▶ What this task involves
Please return the full listing exactly as written, with the images removed.
── Input data ──
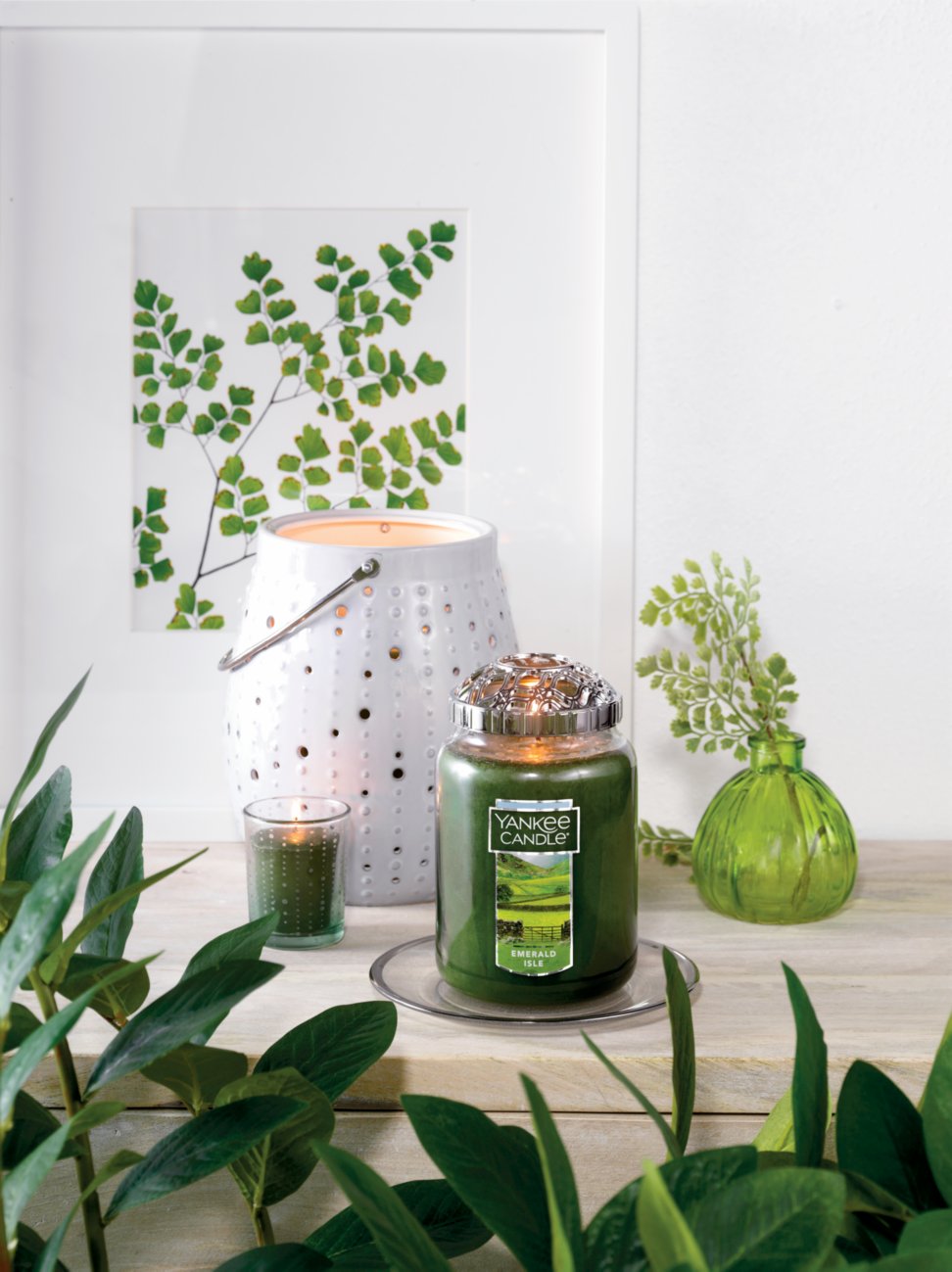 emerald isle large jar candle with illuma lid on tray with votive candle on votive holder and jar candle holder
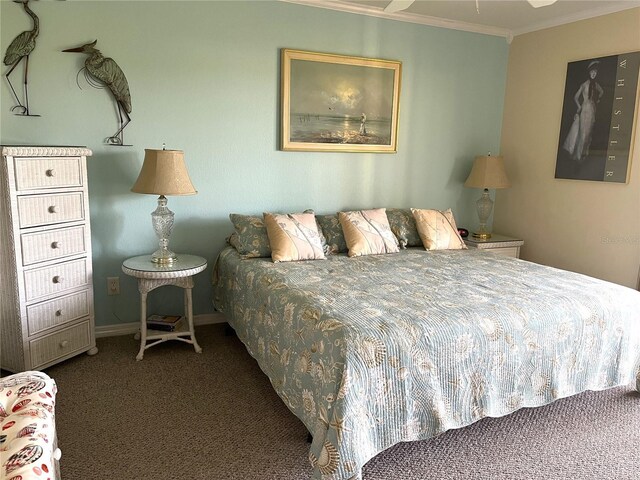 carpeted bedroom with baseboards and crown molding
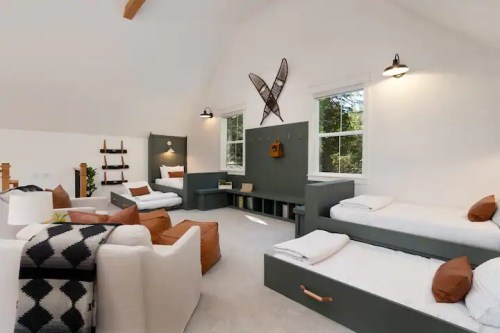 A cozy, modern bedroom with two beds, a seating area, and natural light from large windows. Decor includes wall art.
───
▶ Response to this exercise
 emerald isle large jar candle with illuma lid on tray with votive candle on votive holder and jar candle holder
 carpeted bedroom with baseboards and crown molding
 A cozy, modern bedroom with two beds, a seating area, and natural light from large windows. Decor includes wall art.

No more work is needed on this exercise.